Digital Copyrights & Piracy
Background
In 1999, Shawn
Fanning, an 18 year old college student, changed the music industry with his creation of a digital file sharing program called
Napster, a software program that allowed computer users to share and swap files, specifically music, through a centralized file
server. By the spring of 2000, Napster had several hundred thousand users and by February 2001 had grown to over 50 million users.
In September
2013, Netnames, a market research and consultancy firm reported that P2P traffic that infringes on copyrights had become 24% of
all internet traffic (not including traffic that infringes on pornographic copyrights). In other words, 24% of all Internet traffic
is the illegal downloading and distribution of mainstream, high-quality movies, music, games, and software. The reports states
that “worldwide, 432 million unique internet users explicitly sought infringing content during January 2013. . . . Despite
some discrete instances of success in limiting infringement, the piracy universe not only persists in attracting more users year
on year but hungrily consumes increasing amounts of bandwidth.
In three key
regions (North America, Europe, and Asia-Pacific), the absolute amount of bandwidth consumed by the infringing use of Bittorrent
comprised 6,692 petabytes of data in 2013, an increase of 244.9% from 2011.
In the same
three regions, infringing use of bittorrent in January 2013 accounted for:
178.7 million
unique internet users, an increase of 23.6% from November 2011
7.4 billion
page views, an increase of 30.6% from November 2011”
According
to the Global Internet Phenomena Report in Sandvine,
2H 2013,
P2P file sharing accounted for approximately 8.9% of all
North American Internet traffic and 42% of all North American upstream Internet traffic.
Enacted in
1997, The Digital Millennium Copyright Act (or DMCA) heightened the penalties for copyright infringement on the Internet and established
the eligibility for Safe Harbor from liability of the providers of on-line services for copyright infringement by their users.
To combat
online copyright infringement, the media industry and their partners have spent extraordinary amounts of money and resources searching
for a technology breakthrough to protect copyrighted works. These technologies have often referred to as Digital Rights Management
(or DRM). DRM technologies attempt to prevent digital music player technology from allowing reproduction. DRM suffers from the
inherent problem that if a reasonably technologically savvy person can listen to a music file, he can find a way to make a copy
that does not have the DRM technology. These efforts failed to stem the tide of illegal downloading, and the industry turned to
aggressive litigation tactics. Notwithstanding the continued efforts of the media industry, including the use of DRM technologies,
many popular TV and film properties are available in high quality online soon after release and in some cases prior to release.

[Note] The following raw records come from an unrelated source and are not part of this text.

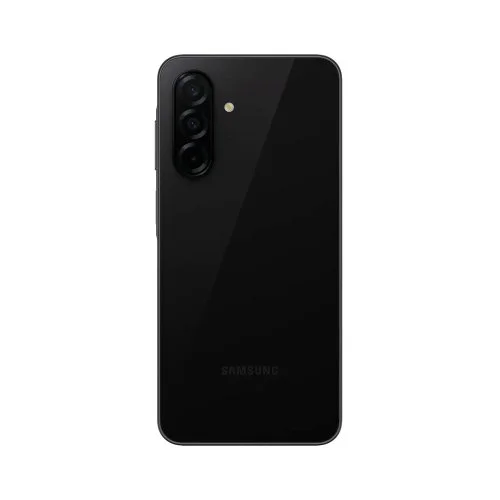 Купить Смартфон Samsung Galaxy A26 6/128Gb Black (Черный) Смартфон Samsung Galaxy A26 6/128Gb Black (Черный)
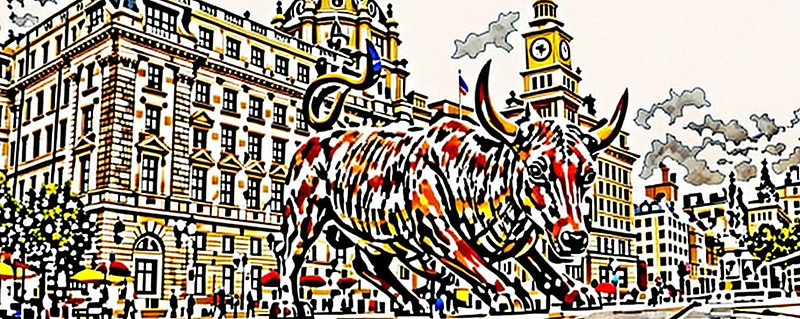 牛市特征_中证流通指数分析_中国股市牛市熊市时间一览表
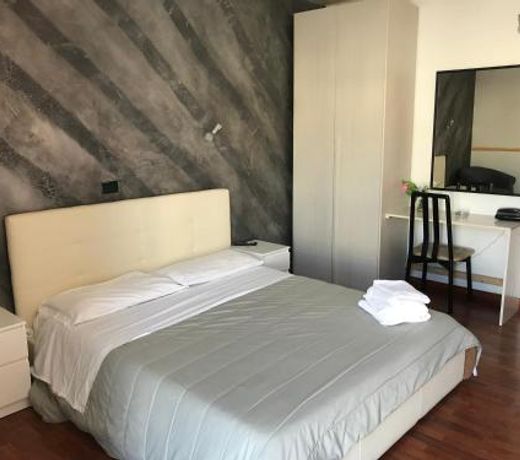 Hotel Como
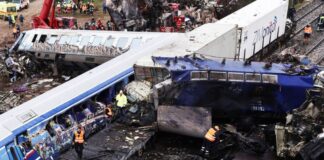 tempi 1 1200x675 1 2 1 1024x576.jpg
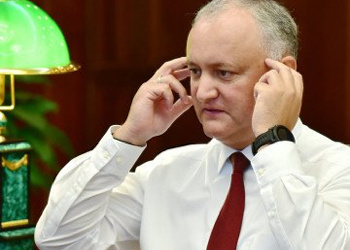 Scriitorul Marian Voicu demantelează campaniile de fake news revărsate de Rusia dincolo de Prut. Minciunile și demența Kremlinului 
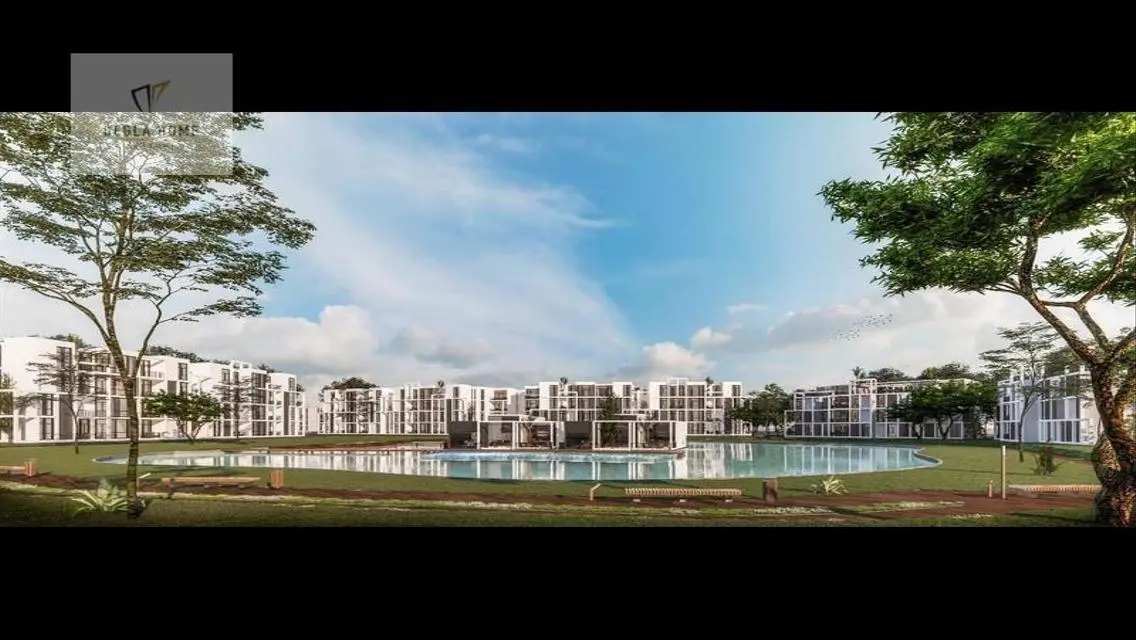 Luxury Property with Exceptional Features Available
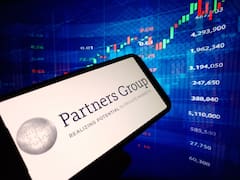 La familia Tous recupera el 100% de la joyera tras la salida de Partners Group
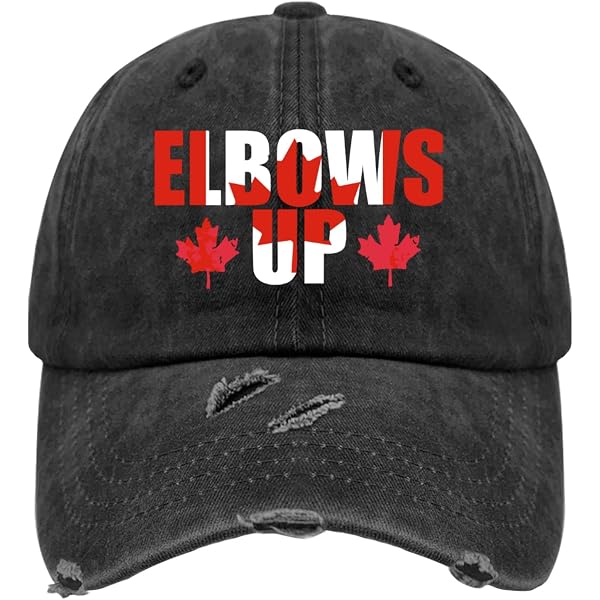 Casquette Trucker Trump 2020 Rose - Brodée - Réglable Par Sangle - Polyester - Neuf Avec étiquettes - Pour Femme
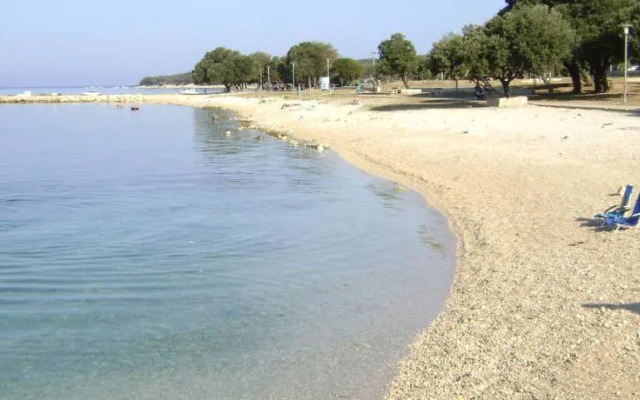 Apartment Rona Gajac Superior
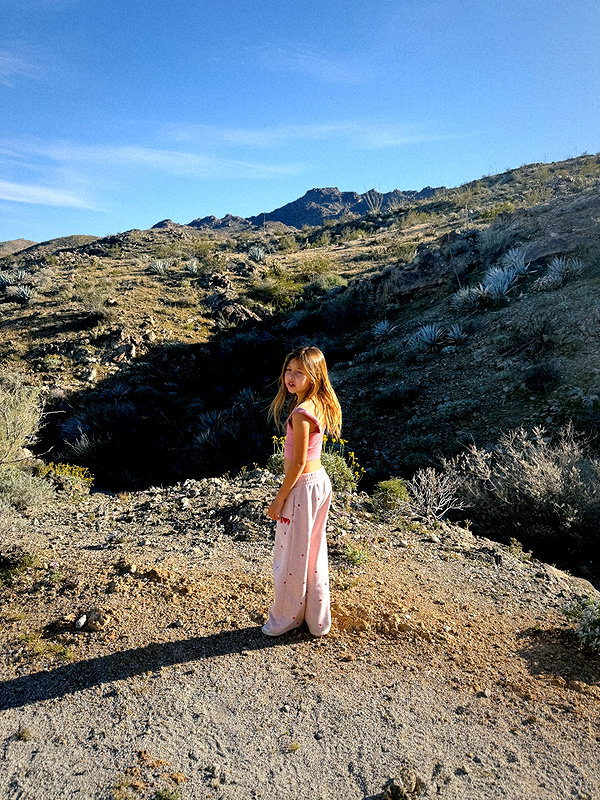 katehudson instagram image archive image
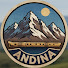 iPqhBjuE5_Y-channel-avatar-Música Espiritual Andina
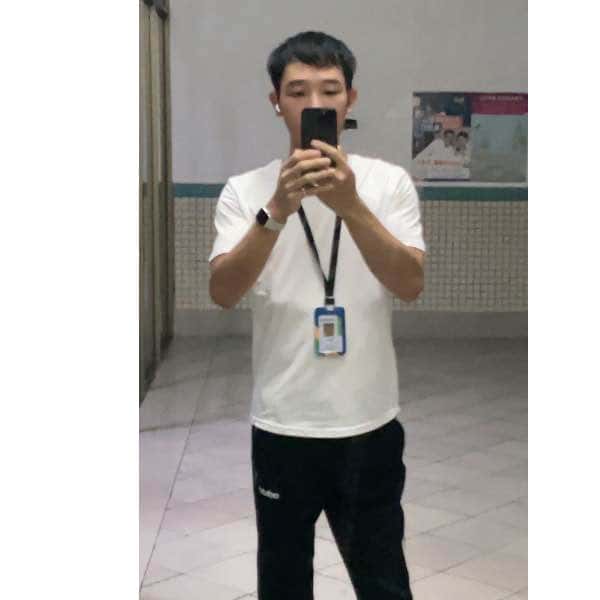 广东34岁单身帅哥真诚找对象-珠海征婚相亲网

Thus, we do not believe that DRM technologies will be able to prevent widespread unauthorized use of copyrighted content.
Beginning
in 2002, the Recording Industry Association of America (or RIAA), the trade group that represents the U.S Music Industry, filed
the first lawsuits against individuals who were suspected of illegally downloading music. By October 2008, RIAA had filed 30,000
lawsuits against individual downloaders. (As of February 2012, most of the 30,000 cases settled out of court for between $3,000
and $5,000, two cases have been tried. Jamie Thomas received a judgment for $1.5m for distributing 24 songs and Joel Tenenbaum
received a judgment for $675,000 for downloading and distributing 31 songs.)
Even with
30,000 lawsuits filed and millions of dollars collected, P2P traffic had still grown worldwide to represent more than 40% of all
consumer Internet traffic in 2008. Then in December 2008, the RIAA announced that it would stop suing individual infringers.
The P2P Landscape
The P2P landscape
has several distinct areas: protocols, networks, access tools, software businesses, open source developers, indexing and search
sites and dark businesses.
The most popular
access tool is BitTorrent in the U.S. (uTorrent, Vuze, Frostwire).
We believe
the reason P2P is such a persistent and a prominent feature of the Internet is that it requires only a relatively small number
of individual, voluntary users anywhere in the world for its existence. It requires no financing or fixed infrastructure to exist.
The protocols are open specifications that any computer programmer can obtain and read to develop software for interacting with
the different P2P networks. There are free access tools available for all networks. The networks are simply a collection of users
who have downloaded and installed one of the many free access tools. There are operating companies like BitTorrent, Inc. that
market and sell the BitTorrent software.
A user downloads
BitTorrent software or any number of other free BitTorrent clients, installs it on his computer, and searches for content on Google.
The user simply types any artists’ name or the name of any movie or software followed by the word “torrent”
into Google. For instance after entering “Adele Torrent” into Google, millions of web pages offering her music for
free will be listed. The user selects the version they want from the web page link.
Once a file
has been requested and starts to download, the downloading computer also starts to upload pieces of the file to the network. In
the P2P world, essentially, everyone is an uploader. On BitTorrent, once the ‘downloader” has obtained enough of the
file, the computer becomes an uploader.
Then, the
BitTorrent website explains what happens next, including the encouragement to assist in distributing content:
“When
BitTorrent finishes downloading a file, the bar becomes solid green and the newly downloaded file becomes a new “seed”--a
complete version of the file…It will continue to seed the file to other interested users until you tell it not to by pausing
it or removing the torrent from your queue. The more clients that seed the file, the easier it is for everyone to download it.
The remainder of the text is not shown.